Uno de los complejos literarios más analizados y leídos, la obra dramática de Shakespeare ha sido objeto de toda clase de paráfrasis y adaptaciones; textos neurálgicos de su variopinto catálogo como Hamlet, Romeo y Julieta, Otelo, Ricardo III, La fierecilla domada, Sueño de una noche de verano y por supuesto Macbeth han encontrado en el mismo teatro, el drama musical, el cine y la televisión ajustes para un mayor y más variado público. Considerado en su conjunto, el mundo de Shakespeare es a un mismo tiempo maravilloso y terrible, religioso y profano, y cada uno de sus héroes representa, inicialmente, un sentimiento individual; pero, a medida que la situación dramática progresa, dicha individualidad va en aumento hasta asumir proporciones que ya no son privadas, sino que conciernen a la totalidad de los hombres, he ahí su grandeza.
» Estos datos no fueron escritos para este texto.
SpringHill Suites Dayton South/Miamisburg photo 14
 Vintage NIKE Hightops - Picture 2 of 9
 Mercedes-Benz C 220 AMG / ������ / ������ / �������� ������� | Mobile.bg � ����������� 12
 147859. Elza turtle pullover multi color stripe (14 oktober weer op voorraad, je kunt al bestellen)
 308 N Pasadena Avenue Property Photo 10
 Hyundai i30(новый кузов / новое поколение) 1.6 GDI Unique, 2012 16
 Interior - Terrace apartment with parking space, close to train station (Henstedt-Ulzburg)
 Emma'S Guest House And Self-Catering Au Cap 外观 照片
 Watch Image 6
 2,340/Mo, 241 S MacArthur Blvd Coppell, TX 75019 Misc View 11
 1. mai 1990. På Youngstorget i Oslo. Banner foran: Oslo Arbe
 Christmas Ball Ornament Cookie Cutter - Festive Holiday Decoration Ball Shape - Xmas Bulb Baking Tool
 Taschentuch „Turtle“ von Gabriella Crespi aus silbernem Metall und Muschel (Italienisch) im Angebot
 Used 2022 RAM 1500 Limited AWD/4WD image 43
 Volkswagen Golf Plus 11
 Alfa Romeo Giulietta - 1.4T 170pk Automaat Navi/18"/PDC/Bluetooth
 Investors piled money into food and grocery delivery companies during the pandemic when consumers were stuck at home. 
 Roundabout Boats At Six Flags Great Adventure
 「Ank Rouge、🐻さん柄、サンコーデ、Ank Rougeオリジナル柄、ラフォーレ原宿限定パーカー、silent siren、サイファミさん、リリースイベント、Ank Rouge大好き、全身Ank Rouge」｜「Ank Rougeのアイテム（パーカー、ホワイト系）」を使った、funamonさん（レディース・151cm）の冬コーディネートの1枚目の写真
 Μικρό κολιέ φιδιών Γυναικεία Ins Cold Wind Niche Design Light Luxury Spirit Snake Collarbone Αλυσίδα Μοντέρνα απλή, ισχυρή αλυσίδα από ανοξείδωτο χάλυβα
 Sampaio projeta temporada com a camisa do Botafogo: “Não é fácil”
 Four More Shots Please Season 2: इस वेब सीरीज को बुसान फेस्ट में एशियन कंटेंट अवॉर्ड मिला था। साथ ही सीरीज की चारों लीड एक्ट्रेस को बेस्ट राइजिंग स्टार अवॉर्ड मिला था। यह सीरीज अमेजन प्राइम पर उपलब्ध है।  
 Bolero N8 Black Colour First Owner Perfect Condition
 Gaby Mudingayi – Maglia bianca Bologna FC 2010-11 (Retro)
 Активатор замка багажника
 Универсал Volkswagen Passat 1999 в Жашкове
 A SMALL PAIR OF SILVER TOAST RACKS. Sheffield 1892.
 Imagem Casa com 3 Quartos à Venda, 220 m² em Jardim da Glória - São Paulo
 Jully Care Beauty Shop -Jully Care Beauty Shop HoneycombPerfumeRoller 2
Quizá sean los dramas históricos los que proporcionan uno de los aspectos más notables, cuando no el principal, de la fuerza dramática de Shakespeare, y todos ellos, además de sus elevados valores humano, teatral y poético por separado, también resultan importantes conforme nos transmiten una idea por demás clara de cómo los isabelinos ––y, por consiguiente, los ingleses del Renacimiento–– entendían la historia. Bajo el cobijo y la sombra ingentes de tal portento de sabiduría inagotable, de su genio, infinidad de paráfrasis y composiciones diversas siguen poblando otros muchos espacios y momentos de los quehaceres artístico e intelectual, varios de ellos apenas pretexto si acaso decoroso que no siempre han logrado sobrevivir por sí mismos. Creaciones unas incidentales, otras más independientes, ponen en claro, sin embargo, la tan genuina como potentada significación atemporal del legado shakesperiano.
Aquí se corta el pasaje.